Is the hip escape legal in BJJ?
Yes — it’s a fundamental, unrestricted movement used throughout every ruleset and belt level, gi and no-gi alike.
It doesn’t score directly. Its value shows up in what it enables: preventing a guard pass, recovering position, or setting up an escape that does carry competitive weight.
Details differ by organization and division — confirm the current rulebook for the event you’re actually entering via the BJJ rules and scoring guide or the event page itself.
Safety and training notes
- Don’t shrimp or bridge through the neck. Keep pressure off the cervical spine; the movement should come from the hips and the posted foot, not from twisting through the head or neck.
- Keep the planted knee aligned with the foot. Twisting the knee out of line while driving off it is a common, avoidable strain, especially at higher volume.
- Watch for lower-back fatigue on high-rep drilling days. Repetitive shrimping drills are useful but easy to overdo; back off if lower-back discomfort builds beyond normal training soreness.
Stop if a partner reports unusual pain, numbness, or joint discomfort beyond normal positional pressure. This article does not diagnose injuries; seek qualified medical care for concerning or persistent symptoms.
Examples to study
- Beginner-focused breakdowns of the mount and side-control elbow escape. These usually isolate the hip escape from the rest of the sequence, which is the clearest way to see the movement on its own.
- Hip escape combined with a bridge from mount. Watch how the two movements alternate rather than happen at once — bridge to create a reaction, shrimp to use the space it opens.

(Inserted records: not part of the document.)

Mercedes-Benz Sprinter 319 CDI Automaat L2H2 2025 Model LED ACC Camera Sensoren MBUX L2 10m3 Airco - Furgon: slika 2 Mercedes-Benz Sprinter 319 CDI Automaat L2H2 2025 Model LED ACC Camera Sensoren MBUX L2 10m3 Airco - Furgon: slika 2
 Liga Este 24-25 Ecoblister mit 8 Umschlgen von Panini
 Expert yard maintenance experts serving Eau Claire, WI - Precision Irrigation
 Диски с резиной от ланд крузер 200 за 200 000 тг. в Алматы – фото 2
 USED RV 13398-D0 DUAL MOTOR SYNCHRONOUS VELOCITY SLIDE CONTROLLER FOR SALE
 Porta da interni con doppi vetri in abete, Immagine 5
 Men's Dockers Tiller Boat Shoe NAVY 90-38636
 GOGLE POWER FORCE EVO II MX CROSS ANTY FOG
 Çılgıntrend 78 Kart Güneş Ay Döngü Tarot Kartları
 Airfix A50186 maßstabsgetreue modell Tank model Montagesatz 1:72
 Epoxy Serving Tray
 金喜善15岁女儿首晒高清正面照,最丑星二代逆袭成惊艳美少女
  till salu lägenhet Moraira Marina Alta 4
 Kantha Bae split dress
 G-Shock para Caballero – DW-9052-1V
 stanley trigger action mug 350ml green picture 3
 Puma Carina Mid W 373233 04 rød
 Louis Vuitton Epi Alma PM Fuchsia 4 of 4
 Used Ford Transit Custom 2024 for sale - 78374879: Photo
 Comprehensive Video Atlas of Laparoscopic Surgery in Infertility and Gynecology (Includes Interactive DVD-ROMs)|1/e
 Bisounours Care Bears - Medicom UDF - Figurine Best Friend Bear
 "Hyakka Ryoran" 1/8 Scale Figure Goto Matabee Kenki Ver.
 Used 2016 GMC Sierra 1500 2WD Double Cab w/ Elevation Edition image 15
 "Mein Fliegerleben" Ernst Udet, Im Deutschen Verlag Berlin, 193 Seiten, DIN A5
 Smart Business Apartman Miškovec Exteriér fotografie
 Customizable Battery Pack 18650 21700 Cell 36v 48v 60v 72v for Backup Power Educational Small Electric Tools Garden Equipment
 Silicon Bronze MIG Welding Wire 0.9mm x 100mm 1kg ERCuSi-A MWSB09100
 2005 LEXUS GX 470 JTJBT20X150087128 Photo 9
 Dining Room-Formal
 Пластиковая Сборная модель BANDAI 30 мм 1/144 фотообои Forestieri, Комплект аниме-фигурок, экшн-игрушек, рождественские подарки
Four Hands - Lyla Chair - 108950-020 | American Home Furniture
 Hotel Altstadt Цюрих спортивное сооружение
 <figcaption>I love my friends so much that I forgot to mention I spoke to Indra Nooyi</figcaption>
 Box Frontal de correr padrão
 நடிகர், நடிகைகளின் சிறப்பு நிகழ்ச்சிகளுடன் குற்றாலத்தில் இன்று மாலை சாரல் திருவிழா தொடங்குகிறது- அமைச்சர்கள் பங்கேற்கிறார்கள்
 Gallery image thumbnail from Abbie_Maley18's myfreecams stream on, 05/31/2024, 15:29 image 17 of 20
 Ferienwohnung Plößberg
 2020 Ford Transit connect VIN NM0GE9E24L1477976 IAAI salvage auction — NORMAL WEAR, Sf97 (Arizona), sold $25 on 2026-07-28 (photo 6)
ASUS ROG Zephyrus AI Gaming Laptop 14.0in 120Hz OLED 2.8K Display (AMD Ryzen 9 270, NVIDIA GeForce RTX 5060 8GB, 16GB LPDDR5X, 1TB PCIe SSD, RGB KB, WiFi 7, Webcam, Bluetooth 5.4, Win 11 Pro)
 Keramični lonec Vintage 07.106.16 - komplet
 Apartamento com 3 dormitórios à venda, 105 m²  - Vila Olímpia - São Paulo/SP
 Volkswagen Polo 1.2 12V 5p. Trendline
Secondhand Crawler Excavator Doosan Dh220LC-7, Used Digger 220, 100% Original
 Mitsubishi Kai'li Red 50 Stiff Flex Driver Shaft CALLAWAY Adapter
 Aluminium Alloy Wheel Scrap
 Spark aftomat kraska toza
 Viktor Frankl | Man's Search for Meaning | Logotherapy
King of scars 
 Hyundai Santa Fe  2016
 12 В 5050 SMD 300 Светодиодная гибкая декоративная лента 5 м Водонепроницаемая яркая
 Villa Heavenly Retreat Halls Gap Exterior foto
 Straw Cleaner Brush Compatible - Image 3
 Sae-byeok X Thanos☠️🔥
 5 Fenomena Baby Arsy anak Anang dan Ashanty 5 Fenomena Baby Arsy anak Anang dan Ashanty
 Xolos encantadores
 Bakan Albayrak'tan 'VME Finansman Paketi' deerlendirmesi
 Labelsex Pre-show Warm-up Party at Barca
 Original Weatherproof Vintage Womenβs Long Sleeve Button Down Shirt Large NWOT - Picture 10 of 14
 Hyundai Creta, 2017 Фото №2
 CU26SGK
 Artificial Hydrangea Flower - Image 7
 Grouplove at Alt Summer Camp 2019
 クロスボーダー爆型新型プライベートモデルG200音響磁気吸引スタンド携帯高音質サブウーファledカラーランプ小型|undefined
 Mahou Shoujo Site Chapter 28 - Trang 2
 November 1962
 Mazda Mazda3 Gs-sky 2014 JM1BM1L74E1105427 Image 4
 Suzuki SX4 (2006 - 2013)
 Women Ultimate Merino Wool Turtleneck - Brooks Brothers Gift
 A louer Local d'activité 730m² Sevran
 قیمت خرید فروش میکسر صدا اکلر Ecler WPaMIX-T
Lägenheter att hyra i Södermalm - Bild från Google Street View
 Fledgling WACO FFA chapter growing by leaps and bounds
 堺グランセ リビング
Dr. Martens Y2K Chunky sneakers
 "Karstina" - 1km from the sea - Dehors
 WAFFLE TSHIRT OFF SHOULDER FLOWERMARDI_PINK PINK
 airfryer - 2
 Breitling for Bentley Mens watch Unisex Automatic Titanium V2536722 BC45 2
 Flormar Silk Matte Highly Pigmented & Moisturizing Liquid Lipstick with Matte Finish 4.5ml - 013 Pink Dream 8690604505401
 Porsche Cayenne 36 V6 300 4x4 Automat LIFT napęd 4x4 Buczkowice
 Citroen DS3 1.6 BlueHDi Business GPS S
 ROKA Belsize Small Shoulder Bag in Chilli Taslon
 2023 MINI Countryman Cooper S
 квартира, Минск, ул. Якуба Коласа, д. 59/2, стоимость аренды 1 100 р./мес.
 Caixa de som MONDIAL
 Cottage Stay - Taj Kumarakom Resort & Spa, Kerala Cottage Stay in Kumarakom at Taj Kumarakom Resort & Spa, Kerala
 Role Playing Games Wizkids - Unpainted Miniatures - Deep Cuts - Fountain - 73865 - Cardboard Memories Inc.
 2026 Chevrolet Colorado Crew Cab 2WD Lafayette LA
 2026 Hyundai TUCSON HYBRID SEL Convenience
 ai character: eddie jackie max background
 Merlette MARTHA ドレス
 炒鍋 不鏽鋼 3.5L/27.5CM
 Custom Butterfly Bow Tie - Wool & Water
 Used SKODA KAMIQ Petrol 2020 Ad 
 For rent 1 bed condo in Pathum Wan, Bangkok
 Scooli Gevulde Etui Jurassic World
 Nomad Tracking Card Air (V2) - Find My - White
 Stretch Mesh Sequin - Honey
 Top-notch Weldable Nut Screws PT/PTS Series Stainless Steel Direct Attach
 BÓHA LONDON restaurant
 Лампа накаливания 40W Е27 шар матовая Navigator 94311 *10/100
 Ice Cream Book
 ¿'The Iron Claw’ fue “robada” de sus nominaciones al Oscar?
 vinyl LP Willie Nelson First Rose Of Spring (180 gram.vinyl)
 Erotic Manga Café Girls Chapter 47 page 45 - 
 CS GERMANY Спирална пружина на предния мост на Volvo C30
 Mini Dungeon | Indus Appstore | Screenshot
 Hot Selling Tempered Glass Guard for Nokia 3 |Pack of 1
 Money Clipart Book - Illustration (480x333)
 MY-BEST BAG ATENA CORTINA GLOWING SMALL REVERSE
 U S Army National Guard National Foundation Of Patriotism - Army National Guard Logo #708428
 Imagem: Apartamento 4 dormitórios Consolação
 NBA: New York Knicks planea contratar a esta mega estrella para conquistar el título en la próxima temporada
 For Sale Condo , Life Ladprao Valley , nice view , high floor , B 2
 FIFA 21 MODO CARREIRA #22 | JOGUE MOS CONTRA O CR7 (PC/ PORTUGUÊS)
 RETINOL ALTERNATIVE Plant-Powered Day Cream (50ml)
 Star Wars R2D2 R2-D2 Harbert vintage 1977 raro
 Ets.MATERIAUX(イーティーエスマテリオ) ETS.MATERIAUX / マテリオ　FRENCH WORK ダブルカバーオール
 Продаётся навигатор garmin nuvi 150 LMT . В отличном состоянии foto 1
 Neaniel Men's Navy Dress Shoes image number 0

Pause footage at the exact moment the foot plants, before any hip movement starts — a strong post is usually what separates a hip escape that actually creates space from one that just wastes motion.
Related GrapplerHQ guides
- Guard recovery — how this movement fits into the broader recovery decision
- Mount escape
- Side control escape
- Back escape
Sources and further reading
- Hip Escapes – Brazilian Jiu Jitsu.
- IBJJF Books and Videos — current rules materials.
- ADCC Rules and Regulations.
- Injury prevalence among BJJ practitioners — PubMed.
FAQ
Is hip escape the same as shrimping?
Yes, they’re the same movement — “shrimping” is just the common gym name for the hip escape, based on the sideways crawling shape it makes.
What’s the difference between hip escape and guard recovery?
Hip escape is one specific movement: posting a foot and hand, then driving the hips away to create space. Guard recovery is the broader skill of actually getting back to guard, which often uses hip escape but also relies on framing, timing, and sometimes inversion.
Why can’t I create space when I shrimp?
The most common cause is a missing or weak foot post — without something solid to drive off, the hips can’t generate real movement. Check that the foot is planted and the knee is bent before pushing.
Is the hip escape safe to drill at high volume?
Generally yes, but keep the movement out of the neck and watch for lower-back fatigue on days with a lot of repetition. Ease off if discomfort goes beyond normal training soreness.
Bottom line
The hip escape is the engine, not the destination — it creates space, and everything useful happens in what you do with that space next. If your escapes keep stalling right after the shrimp, the movement probably isn’t the problem; you’re likely not connecting it to a frame or a knee fast enough before the gap closes again.